For those that don’t know, Flex is Adobe’s new tool for creating rich internet applications—and it’s an exciting development. One thing Fireworks does have going for it that Photoshop doesn’t is Flex integration. You can create a Flex application layout in Fireworks and export the proper code (MXML format) for use in the Flex environment. Styling and positioning are maintained so there’s little to worry about when moving the assets over to Flex Builder. I am glad Fireworks and Flex are being leveraged as a team, and this is the type of feature that keeps it relevant and fresh.

fig4Figure 4: The Common Library and Symbol Properties panels.

The new Common Library and Symbol Properties panel both continue the web development trend by implementing something similar to Flash’s model of libraries, symbols and instances. With symbol properties, one can control the appearance of interface components with JavaScript and parameters. This is a very cool feature, similar to using CSS to control the styling of web elements. I have no idea why Fireworks doesn’t implement CSS if it has a similar framework for these interface components. With the Common Library, one can now store symbols and share them not only among multiple documents but to multiple users with a shared asset library. This is another very cool thing—developing just got a whole lot easier. The Common Library panel is still not very robust, being a pale shadow of Flash’s Library panel, but it is a good start and a smart move in the direction of rich internet applications, which is where I see Fireworks headed. I could see Fireworks being a part of a larger Flex Builder application, leaving web graphics and prototypes to applications that already have more tools and features for such a thing.
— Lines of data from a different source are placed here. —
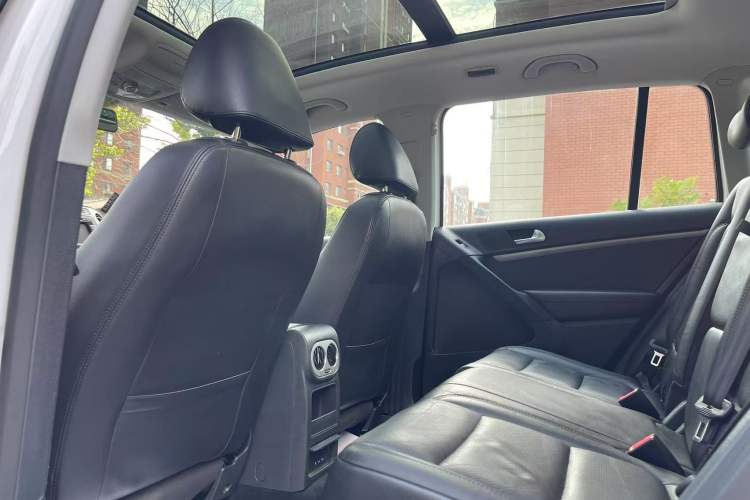 Used Volkswagen Tiguan 2013 1.8TSI Automatic Two-Wheel Drive Luxury Model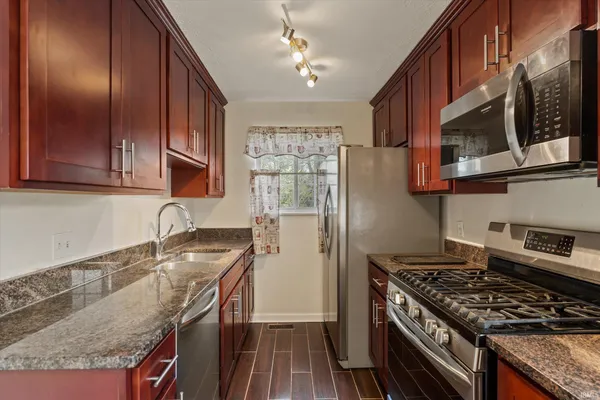 $245,000 | 507 Buffalo Court, Nappanee, IN 46550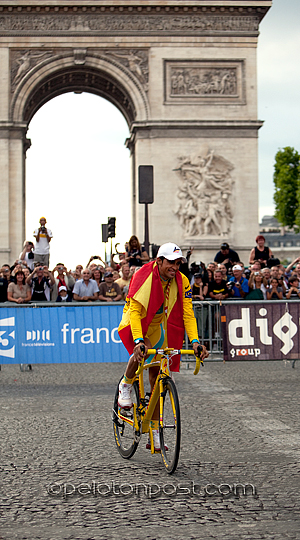 Contador riding by Arc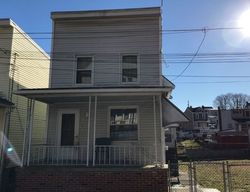 Pre-foreclosure Listing in PIKE ST POTTSVILLE, PA 17901
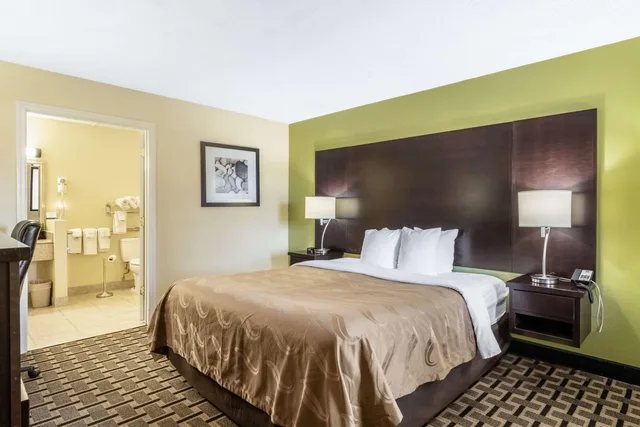 Room, King Bed, Quality Inn Franklin - Cool Springs Area 1/4
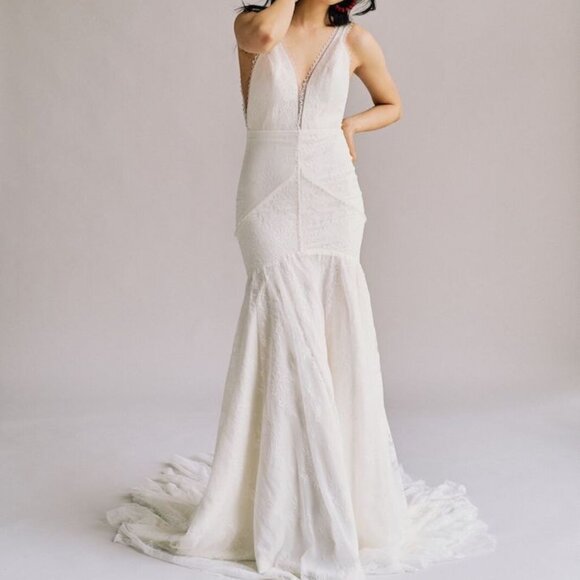 NWT - Women's Cartier by Laudae Wedding Dress (Sample - Size 8) - Picture 4 of 11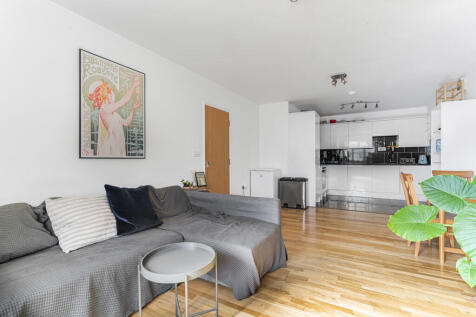 Reception/Kitchen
I wanted to review Fireworks because I feel Adobe’s top-tier applications steal a lot of coverage from these application, and you read about them only in user groups or forums. The only people writing about these applications are those already using the application. With CS3 and Adobe’s attempt to find a niche for its expanded lineup, I was excited to see what Fireworks had to offer. My conclusion is that Fireworks CS3 does not offer much more than Fireworks 8—though interesting things are happening with Flex that may cause excitement in a year or so. There are also some good decisions being made by the Fireworks team that may make the application the go-to tool for website prototypes. There is no killer application yet within Fireworks that makes it irreplaceable in this field, but new features have improved its power and with CS4 we may see an even greater leap ahead.